Problem to work on | Write the listing below out again exactly, dropping the images.
[Opening Recorded data section]
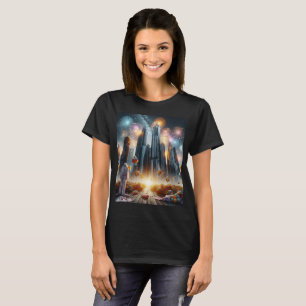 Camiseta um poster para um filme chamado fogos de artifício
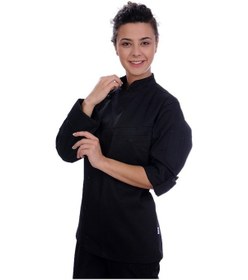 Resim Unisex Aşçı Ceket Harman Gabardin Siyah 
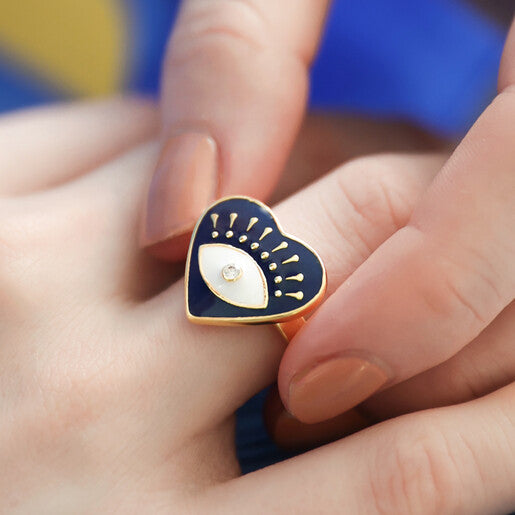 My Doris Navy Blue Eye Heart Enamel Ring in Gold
[Closing Recorded data section]
Output of the exercise |
 Camiseta um poster para um filme chamado fogos de artifício
 Resim Unisex Aşçı Ceket Harman Gabardin Siyah 
 My Doris Navy Blue Eye Heart Enamel Ring in Gold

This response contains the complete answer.